Most seniors don't wait until 70 to claim their benefits, but here's a very good reason why you should.

A higher benefit can make up for poor savings

On its own, Social Security might not do the best job of sustaining you throughout retirement. Those benefits will generally replace about 40% of your former paycheck if you're an average earner, and most seniors need a much higher level of replacement income to live comfortably.

A healthy nest egg can easily help bridge that gap. But if you don't have a lot of savings coming into retirement, then it pays to look at delaying your filing as long as possible so you can lock in a higher monthly benefit for life.

In fact, say you're entitled to a monthly benefit of $1,500 at age 67, and your retirement savings balance is such that it'll only provide an extra $5,000 a year in income. Assuming you don't have any other income sources to tap, that means you're looking at $23,000 a year to spend during retirement, which isn't a whole lot.

But if you delay your Social Security filing for three years, you'll boost your monthly benefit to $1,860. That means that combined with distributions from your savings plan, you'll have an annual income of $27,320 instead.

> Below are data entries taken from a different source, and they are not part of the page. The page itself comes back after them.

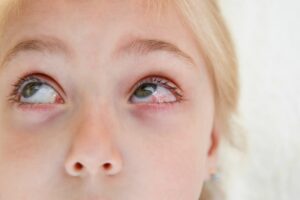 conjonctive maladies yeux conjonctivite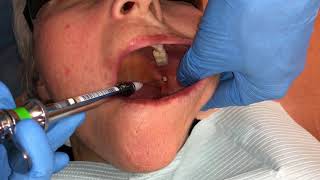 Inferior Alveolar and Lingual Nerve Blocks [upl. by Odlaw]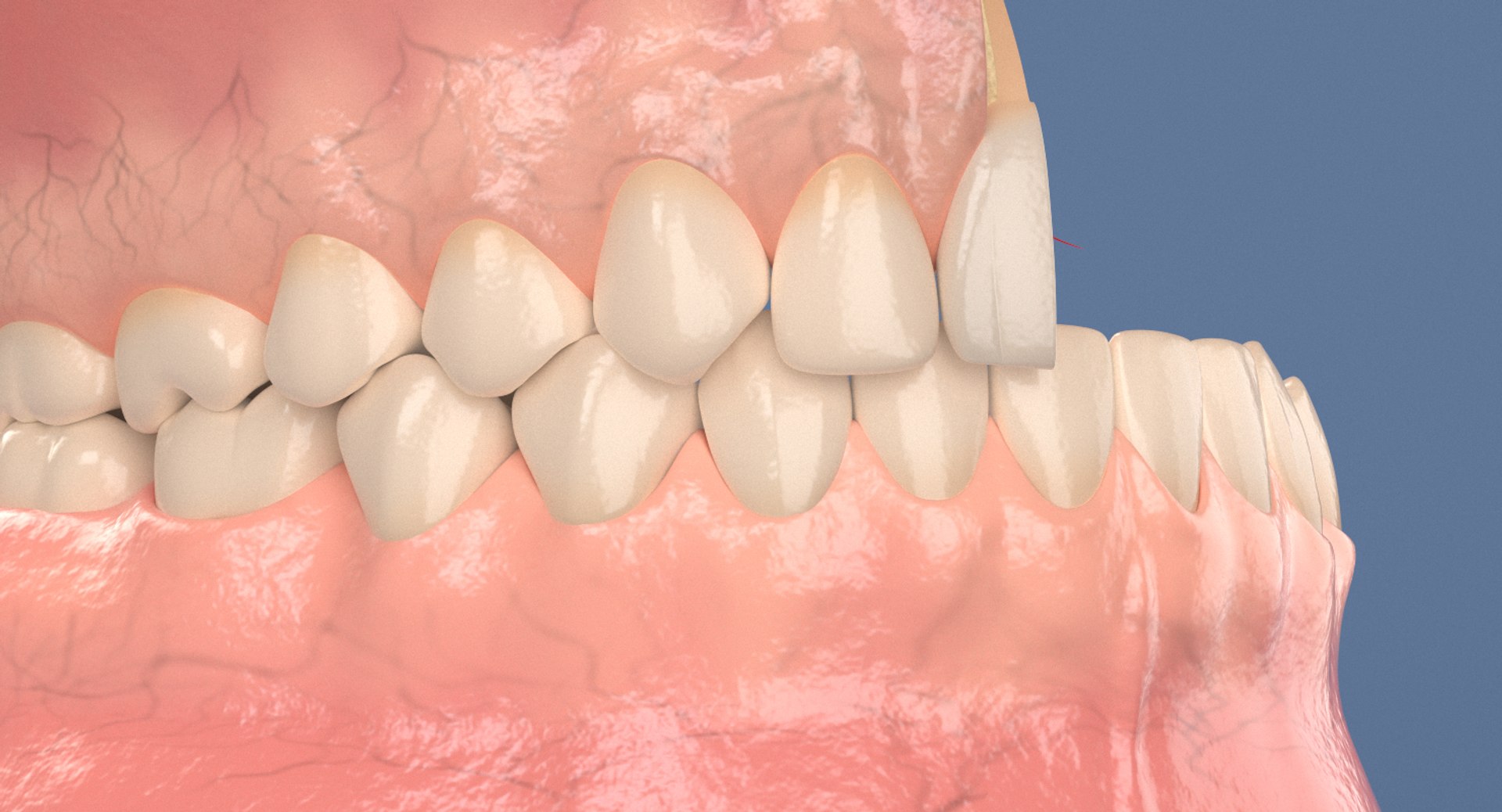 Incisor Section Model TurboSquid 1404732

Furthermore, even if you try to withdraw conservatively from your savings, that money could eventually run out, especially if your investments end up doing poorly. But Social Security is set up to pay you for life, so the higher a monthly benefit you lock in, the more you'll collect throughout retirement -- no matter how long it lasts.

It pays to wait

Claiming Social Security at 70 is a great way to make up for a savings balance you're not happy with. And while going that route could require you to put in some extra time in the workforce and delay your retirement, it's a sacrifice worth making given the added financial security it'll buy you for the rest of your life.